[Stored data]
----------------------------------------

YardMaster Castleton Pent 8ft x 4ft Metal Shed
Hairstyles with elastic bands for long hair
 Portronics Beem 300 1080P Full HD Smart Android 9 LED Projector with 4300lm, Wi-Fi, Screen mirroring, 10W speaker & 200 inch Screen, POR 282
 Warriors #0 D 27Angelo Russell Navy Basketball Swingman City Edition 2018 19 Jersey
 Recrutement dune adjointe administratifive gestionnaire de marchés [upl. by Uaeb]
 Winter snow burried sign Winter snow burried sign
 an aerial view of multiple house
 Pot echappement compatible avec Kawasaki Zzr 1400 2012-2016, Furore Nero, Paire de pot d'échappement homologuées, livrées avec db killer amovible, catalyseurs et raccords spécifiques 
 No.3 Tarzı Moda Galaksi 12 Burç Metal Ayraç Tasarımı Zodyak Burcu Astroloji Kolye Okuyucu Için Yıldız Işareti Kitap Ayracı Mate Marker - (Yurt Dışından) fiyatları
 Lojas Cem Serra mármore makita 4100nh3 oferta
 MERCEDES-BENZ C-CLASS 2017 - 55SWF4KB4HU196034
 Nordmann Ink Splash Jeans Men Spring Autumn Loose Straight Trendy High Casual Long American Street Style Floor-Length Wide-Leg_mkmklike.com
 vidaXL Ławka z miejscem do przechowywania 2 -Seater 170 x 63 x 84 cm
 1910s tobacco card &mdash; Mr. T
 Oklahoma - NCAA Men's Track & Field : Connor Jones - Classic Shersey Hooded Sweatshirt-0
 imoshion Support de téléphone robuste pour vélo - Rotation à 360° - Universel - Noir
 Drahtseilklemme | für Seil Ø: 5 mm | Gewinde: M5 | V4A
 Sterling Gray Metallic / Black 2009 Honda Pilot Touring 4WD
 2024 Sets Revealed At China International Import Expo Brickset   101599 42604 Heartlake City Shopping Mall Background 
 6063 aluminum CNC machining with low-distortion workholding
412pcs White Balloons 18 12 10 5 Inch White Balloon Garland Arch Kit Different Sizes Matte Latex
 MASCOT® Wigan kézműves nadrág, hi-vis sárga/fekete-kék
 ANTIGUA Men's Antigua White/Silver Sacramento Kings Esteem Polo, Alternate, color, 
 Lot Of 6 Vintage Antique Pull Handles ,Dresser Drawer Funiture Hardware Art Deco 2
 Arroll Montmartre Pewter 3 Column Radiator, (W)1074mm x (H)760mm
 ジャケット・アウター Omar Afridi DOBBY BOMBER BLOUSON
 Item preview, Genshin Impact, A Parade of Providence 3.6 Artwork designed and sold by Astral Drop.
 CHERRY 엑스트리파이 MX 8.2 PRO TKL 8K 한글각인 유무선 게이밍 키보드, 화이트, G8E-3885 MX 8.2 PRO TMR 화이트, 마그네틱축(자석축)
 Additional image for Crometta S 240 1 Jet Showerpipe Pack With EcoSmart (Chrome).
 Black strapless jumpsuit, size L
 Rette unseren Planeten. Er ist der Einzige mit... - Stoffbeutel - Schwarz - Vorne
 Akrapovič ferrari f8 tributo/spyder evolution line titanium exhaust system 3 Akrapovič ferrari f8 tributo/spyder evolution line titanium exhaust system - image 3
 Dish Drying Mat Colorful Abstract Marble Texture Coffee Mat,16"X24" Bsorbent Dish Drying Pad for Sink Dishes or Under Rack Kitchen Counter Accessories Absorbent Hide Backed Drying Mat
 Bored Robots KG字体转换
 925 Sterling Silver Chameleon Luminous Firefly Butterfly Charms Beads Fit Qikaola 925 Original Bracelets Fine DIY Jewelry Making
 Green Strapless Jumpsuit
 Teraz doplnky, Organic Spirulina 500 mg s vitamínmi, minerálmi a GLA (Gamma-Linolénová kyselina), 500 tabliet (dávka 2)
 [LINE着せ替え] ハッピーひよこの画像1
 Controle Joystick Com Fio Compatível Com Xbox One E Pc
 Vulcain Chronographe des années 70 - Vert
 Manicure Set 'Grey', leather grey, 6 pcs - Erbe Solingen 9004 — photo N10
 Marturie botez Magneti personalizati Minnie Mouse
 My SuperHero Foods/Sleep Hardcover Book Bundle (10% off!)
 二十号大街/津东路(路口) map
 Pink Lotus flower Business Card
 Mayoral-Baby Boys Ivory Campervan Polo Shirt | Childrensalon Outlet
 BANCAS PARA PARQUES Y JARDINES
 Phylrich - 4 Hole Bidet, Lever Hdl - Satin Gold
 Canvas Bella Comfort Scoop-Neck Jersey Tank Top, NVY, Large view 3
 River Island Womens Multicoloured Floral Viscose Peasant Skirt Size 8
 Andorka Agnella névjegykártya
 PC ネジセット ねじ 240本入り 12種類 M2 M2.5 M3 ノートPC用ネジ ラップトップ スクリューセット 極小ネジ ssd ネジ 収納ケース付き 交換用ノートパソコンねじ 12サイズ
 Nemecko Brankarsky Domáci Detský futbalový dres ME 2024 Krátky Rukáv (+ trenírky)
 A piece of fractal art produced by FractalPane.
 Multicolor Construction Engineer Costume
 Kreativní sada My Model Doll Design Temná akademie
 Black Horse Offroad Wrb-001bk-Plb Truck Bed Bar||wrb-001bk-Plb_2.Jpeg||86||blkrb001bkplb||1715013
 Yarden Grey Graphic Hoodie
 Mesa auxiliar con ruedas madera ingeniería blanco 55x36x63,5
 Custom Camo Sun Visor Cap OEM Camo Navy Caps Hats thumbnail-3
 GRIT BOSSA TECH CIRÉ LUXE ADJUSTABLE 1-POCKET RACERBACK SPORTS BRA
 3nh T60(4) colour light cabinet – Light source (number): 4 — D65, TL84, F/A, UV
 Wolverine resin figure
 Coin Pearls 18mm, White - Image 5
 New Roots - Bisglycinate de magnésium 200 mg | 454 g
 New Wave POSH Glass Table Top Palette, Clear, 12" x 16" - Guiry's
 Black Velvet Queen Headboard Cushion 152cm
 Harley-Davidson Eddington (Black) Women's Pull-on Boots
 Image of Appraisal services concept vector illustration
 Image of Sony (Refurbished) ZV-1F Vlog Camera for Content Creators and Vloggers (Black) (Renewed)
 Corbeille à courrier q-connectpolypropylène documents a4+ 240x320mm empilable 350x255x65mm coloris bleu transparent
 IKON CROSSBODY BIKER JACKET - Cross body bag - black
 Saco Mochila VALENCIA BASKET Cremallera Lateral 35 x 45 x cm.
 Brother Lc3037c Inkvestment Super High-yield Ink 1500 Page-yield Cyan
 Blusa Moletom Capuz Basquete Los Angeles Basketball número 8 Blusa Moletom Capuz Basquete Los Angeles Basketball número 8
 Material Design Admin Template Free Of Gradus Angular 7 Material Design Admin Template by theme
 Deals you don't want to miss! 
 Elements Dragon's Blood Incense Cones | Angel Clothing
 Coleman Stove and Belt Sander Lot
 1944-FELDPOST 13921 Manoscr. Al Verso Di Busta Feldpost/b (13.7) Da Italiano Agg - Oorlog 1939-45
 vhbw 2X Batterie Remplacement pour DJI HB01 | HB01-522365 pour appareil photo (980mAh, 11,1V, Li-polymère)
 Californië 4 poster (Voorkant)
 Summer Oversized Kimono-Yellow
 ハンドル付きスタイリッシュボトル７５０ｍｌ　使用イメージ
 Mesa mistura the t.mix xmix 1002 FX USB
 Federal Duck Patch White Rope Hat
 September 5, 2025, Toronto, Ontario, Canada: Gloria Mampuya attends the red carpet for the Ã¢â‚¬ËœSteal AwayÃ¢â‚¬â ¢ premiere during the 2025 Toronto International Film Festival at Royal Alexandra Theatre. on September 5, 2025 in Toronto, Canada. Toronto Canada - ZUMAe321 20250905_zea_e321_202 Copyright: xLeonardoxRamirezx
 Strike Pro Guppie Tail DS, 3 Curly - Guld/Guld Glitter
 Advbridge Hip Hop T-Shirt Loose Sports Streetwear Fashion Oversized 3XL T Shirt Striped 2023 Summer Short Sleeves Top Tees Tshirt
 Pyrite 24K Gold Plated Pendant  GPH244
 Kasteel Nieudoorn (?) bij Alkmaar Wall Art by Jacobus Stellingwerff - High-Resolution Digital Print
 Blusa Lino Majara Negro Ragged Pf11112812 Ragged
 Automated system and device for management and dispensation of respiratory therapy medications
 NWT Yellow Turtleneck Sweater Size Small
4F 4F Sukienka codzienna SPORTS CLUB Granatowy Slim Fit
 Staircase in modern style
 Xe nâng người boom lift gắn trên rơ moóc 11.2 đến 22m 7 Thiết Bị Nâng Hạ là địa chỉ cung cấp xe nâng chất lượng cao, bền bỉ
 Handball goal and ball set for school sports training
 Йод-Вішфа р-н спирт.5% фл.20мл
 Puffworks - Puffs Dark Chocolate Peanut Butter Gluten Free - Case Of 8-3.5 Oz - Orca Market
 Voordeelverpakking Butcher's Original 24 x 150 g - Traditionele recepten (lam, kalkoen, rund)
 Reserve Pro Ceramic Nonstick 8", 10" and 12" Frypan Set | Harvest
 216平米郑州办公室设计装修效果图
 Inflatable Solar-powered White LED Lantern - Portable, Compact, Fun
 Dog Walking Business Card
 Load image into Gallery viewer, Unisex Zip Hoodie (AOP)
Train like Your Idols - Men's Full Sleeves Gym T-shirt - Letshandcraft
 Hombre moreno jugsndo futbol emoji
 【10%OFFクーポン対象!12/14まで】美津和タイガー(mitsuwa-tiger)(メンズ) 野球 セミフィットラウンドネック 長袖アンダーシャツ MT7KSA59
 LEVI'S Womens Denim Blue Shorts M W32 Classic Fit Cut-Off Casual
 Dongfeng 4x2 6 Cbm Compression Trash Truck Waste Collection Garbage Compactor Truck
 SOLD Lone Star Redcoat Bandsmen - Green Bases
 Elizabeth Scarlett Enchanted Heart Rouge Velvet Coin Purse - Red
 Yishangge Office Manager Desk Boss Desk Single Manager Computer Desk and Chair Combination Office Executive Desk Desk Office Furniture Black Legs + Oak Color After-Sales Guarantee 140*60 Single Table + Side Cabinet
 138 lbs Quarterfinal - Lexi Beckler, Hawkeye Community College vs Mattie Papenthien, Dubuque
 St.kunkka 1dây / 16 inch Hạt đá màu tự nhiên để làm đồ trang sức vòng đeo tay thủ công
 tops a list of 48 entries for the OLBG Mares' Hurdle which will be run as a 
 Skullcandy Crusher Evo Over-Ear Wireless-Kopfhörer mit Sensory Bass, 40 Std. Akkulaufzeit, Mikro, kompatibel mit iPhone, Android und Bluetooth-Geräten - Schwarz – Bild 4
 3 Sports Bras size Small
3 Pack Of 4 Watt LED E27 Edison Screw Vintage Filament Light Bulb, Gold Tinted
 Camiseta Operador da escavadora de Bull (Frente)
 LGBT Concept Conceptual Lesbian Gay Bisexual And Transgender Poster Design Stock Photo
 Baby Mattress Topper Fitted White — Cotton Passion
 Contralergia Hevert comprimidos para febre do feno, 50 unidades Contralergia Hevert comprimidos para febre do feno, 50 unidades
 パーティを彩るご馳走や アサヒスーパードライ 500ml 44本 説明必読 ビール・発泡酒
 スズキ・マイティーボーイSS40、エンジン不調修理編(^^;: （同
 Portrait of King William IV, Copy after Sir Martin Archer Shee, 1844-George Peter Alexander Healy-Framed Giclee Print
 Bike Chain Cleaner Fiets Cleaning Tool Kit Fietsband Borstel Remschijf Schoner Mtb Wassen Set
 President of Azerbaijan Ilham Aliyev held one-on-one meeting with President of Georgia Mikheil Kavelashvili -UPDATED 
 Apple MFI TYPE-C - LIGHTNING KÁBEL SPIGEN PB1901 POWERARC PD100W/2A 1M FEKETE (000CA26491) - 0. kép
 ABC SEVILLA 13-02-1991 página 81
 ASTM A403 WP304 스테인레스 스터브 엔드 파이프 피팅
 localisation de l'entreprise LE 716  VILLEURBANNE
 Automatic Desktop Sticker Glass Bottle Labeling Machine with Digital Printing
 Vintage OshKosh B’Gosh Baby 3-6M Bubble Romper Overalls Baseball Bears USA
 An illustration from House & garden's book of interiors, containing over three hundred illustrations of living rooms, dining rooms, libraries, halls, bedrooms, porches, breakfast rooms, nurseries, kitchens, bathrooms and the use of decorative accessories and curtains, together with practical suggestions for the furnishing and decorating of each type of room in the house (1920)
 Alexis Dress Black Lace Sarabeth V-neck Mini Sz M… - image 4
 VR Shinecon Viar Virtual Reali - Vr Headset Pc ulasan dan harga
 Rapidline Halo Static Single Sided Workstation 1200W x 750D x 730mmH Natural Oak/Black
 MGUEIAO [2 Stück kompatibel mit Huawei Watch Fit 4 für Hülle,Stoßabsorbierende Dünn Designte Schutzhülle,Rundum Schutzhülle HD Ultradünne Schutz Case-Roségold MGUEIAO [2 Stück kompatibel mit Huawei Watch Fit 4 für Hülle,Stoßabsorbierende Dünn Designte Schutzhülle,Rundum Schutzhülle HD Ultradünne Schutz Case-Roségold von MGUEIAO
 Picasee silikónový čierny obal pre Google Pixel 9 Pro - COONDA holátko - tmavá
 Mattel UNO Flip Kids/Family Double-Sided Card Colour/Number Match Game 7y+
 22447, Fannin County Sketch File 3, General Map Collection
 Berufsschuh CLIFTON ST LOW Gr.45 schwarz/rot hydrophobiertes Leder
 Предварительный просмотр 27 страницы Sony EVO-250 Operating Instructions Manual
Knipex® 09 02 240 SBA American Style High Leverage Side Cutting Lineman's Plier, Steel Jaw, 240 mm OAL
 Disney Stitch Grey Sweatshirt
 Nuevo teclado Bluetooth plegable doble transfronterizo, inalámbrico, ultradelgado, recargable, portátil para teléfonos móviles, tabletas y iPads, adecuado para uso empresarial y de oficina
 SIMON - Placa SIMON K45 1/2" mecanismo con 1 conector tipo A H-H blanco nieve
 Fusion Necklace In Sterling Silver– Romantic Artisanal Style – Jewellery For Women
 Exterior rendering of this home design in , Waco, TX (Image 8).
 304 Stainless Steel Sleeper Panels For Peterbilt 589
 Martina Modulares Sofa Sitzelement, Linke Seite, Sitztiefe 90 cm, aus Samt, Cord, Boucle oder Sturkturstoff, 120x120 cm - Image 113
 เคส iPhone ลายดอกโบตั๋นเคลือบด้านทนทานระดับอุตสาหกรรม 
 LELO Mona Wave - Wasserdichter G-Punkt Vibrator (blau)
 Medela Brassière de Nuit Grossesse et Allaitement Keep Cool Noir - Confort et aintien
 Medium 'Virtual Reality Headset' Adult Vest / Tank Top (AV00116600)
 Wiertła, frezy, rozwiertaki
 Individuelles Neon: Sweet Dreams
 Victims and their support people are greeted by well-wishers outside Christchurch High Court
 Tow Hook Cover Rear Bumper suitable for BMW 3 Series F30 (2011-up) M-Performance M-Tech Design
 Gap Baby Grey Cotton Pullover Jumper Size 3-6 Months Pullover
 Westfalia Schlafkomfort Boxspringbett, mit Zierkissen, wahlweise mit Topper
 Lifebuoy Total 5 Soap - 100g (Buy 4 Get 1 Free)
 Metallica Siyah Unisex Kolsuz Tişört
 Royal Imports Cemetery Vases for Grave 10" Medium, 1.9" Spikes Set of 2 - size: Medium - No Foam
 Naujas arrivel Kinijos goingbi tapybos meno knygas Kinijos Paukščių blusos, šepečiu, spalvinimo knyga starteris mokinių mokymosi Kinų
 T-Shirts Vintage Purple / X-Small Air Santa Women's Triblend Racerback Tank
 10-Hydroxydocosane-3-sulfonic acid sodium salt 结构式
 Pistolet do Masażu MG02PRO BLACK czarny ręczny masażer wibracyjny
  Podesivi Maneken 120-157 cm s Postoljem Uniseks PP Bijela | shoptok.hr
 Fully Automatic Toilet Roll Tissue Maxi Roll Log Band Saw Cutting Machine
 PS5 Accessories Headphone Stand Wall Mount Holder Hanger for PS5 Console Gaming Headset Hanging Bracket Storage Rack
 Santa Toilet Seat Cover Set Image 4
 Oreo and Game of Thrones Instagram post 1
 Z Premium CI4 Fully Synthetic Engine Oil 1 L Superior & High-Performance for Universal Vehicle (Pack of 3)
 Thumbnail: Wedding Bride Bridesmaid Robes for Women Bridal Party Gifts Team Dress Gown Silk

----------------------------------------

EXERCISE BRIEF: Using the records above, select and copy every line that has the word "Polo".

ANSWER BELOW:
 ANTIGUA Men's Antigua White/Silver Sacramento Kings Esteem Polo, Alternate, color, 
 Mayoral-Baby Boys Ivory Campervan Polo Shirt | Childrensalon Outlet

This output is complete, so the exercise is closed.